I won’t bore you with the logistics of yet another love affair gone awry. Instead, I will share my insight on how breakups are different when we are older.
Less Emotional Upheaval
In my 20s: When going through a breakup in my 20s, well, I was a hot mess. I took to drinking my woes away and found myself sobbing at a bar once or twice. Needless to say, bartenders became my BFF’s. I even dated a few.
In my 30’s: Now, at 35, I break up with a guy and I’m like, “Eh.” I am no longer overcome with dramatic emotions. Sure, I cry and am a bit somber, but I don’t feel broken. I know that I will overcome the loss of that relationship because I have before. What doesn’t kill us makes us stronger.

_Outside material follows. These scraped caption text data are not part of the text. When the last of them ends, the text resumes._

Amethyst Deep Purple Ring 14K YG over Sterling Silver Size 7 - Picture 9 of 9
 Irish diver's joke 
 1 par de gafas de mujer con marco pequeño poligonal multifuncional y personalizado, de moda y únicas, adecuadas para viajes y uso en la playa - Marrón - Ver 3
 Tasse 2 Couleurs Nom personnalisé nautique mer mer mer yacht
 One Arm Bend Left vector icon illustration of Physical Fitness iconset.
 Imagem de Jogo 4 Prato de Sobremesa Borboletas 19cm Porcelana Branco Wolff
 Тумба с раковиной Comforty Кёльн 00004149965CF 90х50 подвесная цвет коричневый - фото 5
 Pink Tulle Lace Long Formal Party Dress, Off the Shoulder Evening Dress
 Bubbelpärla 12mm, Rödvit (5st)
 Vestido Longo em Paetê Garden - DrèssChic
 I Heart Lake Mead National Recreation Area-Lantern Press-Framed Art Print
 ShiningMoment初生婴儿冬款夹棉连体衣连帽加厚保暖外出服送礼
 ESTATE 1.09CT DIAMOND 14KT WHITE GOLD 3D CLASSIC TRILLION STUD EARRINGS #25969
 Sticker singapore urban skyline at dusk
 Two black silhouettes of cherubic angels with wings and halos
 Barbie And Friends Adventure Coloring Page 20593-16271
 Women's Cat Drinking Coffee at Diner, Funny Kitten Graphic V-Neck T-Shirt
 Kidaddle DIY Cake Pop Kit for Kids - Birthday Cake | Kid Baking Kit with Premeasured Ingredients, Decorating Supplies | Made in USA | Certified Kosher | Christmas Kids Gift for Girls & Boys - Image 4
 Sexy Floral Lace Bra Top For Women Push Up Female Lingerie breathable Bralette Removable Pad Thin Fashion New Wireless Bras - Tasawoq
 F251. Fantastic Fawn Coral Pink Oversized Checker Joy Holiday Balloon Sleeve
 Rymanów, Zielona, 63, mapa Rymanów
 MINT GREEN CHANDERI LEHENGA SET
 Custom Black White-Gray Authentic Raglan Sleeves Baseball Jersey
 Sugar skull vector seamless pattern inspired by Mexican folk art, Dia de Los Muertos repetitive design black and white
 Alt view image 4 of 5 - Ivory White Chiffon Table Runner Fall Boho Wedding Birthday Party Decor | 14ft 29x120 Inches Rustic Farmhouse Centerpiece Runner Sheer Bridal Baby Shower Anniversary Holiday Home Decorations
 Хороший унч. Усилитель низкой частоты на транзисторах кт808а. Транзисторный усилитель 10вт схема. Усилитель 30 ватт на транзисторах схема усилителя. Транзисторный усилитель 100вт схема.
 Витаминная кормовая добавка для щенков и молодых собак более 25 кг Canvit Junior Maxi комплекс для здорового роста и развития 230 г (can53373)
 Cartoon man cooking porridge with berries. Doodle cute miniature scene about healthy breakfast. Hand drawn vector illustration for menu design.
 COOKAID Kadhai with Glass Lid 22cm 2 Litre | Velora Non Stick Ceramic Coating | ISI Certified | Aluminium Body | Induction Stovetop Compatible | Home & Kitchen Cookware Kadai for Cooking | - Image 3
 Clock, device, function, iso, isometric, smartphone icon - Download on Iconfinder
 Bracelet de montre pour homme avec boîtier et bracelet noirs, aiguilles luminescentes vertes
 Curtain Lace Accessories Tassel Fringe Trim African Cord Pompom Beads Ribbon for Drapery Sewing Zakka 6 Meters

An Acceptance of What Is and What Won’t Be
In my 20s: A breakup occurred and I could not move on. I would stand my ground and hope for a reunion. I was a bit of a hopeless romantic, believing that if I wished for it hard enough it would indeed be. I waited a long time for many men that never came back. Those who did still didn’t treat me or love me the right way.
In my 30’s: Acceptance just happens, particularly during this last breakup. I knew the relationship needed to end and so I just let go. There’s a maturity in this that doesn’t come easy and often only comes in time and with age.
Keep It Moving
In my 20s: A man would break up with me and I would act like a nun. I didn’t date. I didn’t flirt. I just refused to move on. I was stubborn and so closed off. I took every breakup personal, like there was something wrong me. That had a lot to do with my issues with my father.
In my 30’s: Now, I keep it moving. I open myself up to what may come instead of shutting down. I know that I am a good person, a great girlfriend, and an amazing woman. And that’s the difference. I know there isn’t anything wrong with me. I am not perfect but I am not broken.
And that is the beauty of breaking up in our 30s.